SOURCE MATERIAL:

⟨

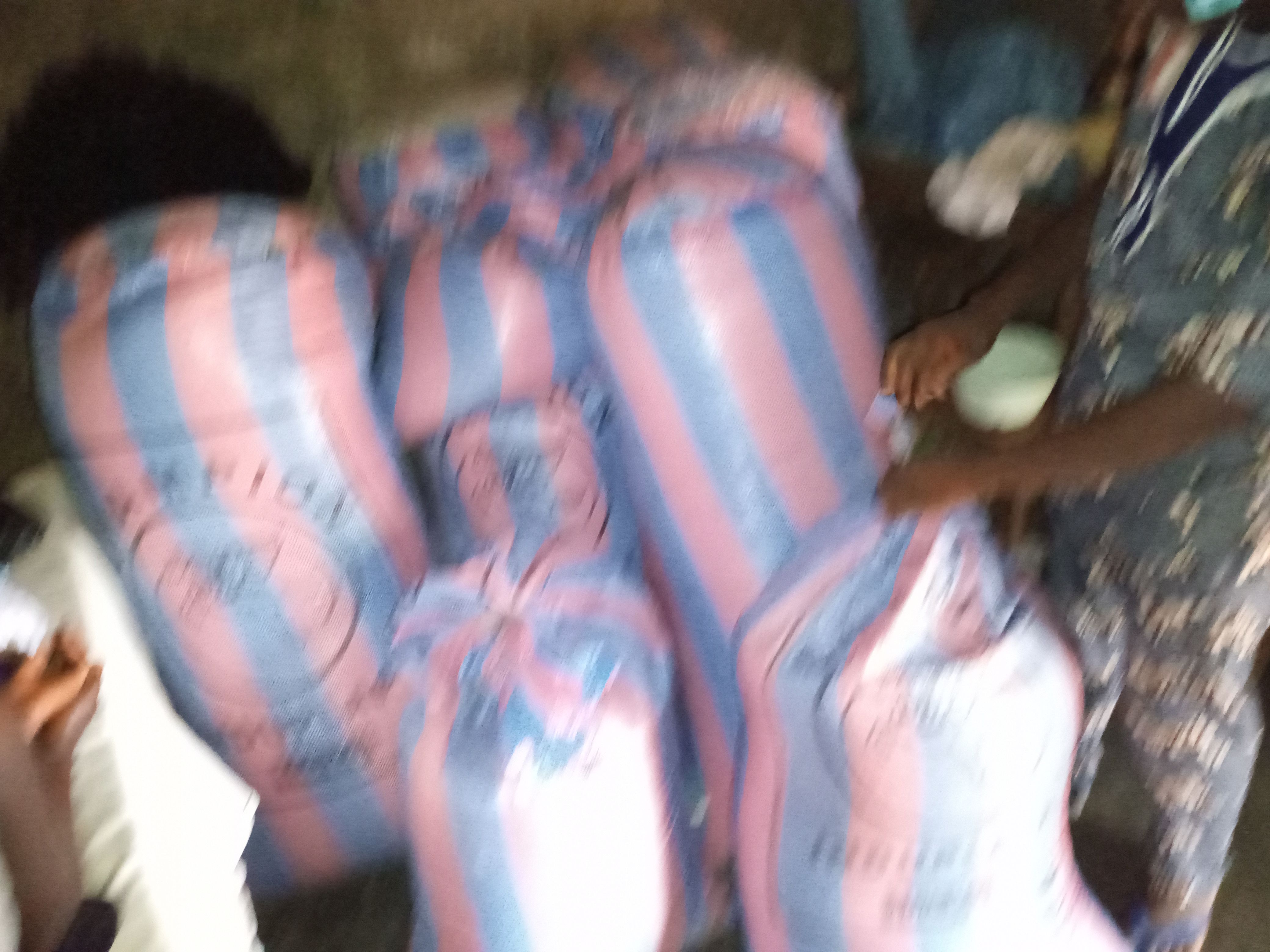Récoltes de soja biologiques au Benin dans la commune de glazoue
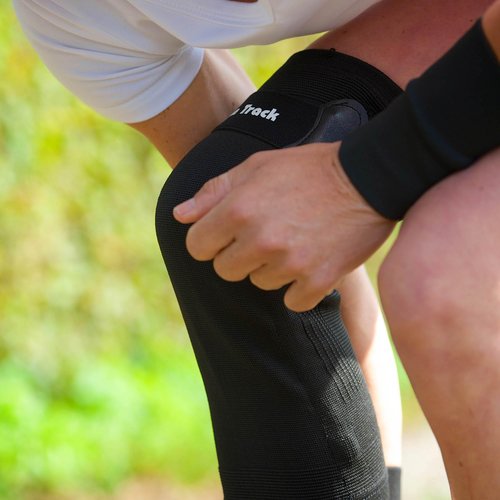 Back on Track Knee Brace with Removable Strap 1110 with Welltex Technology, Black, Large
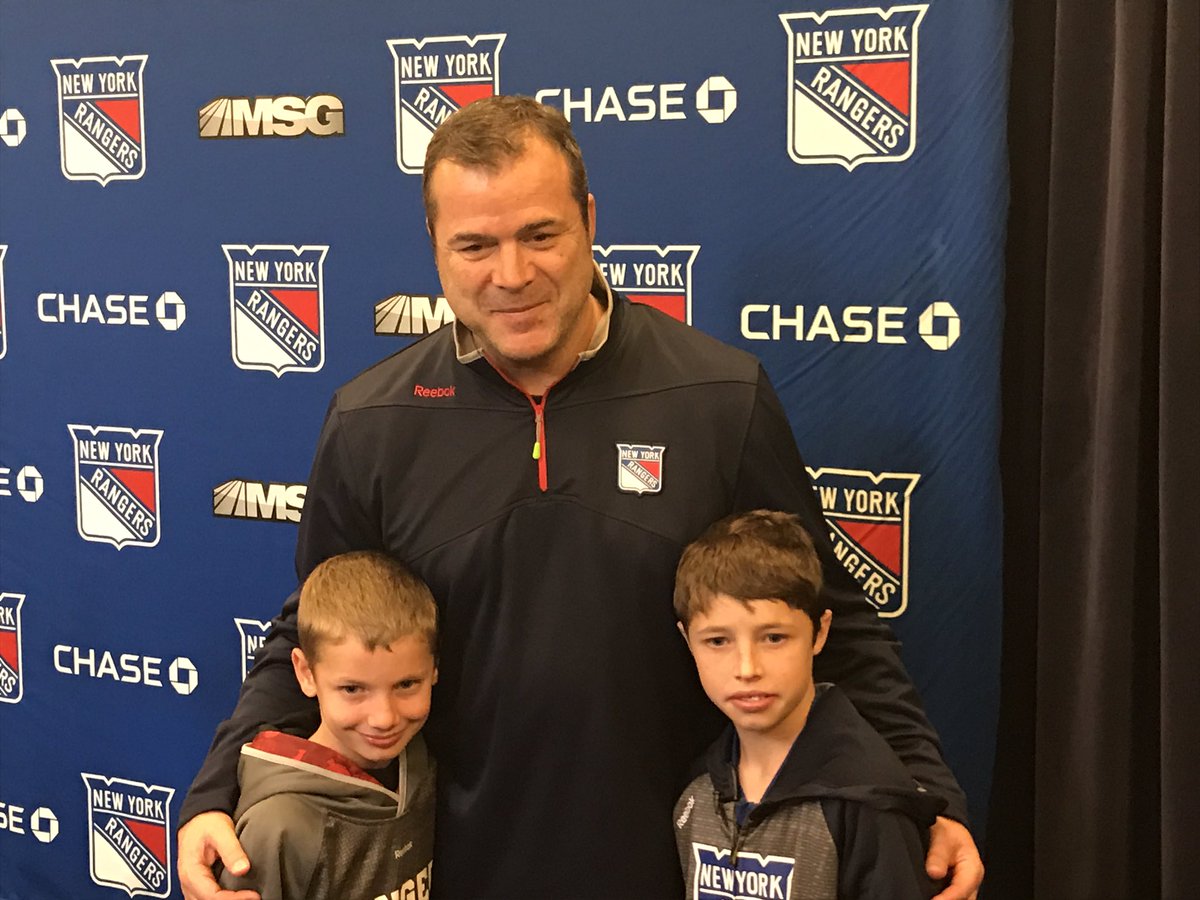 Honorary #NYR Coach Bryce and his brother Bryan with Head Coach Alain Vigneault. #GDFWeek https://t.co/pSSXLnyDAE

⟩

PROBLEM STATEMENT: Exactly the lines from the line with "Back on Track" through the end of the data are to be reproduced, and no picture is to be included.

WRITTEN RESPONSE:
 Back on Track Knee Brace with Removable Strap 1110 with Welltex Technology, Black, Large
 Honorary #NYR Coach Bryce and his brother Bryan with Head Coach Alain Vigneault. #GDFWeek https://t.co/pSSXLnyDAE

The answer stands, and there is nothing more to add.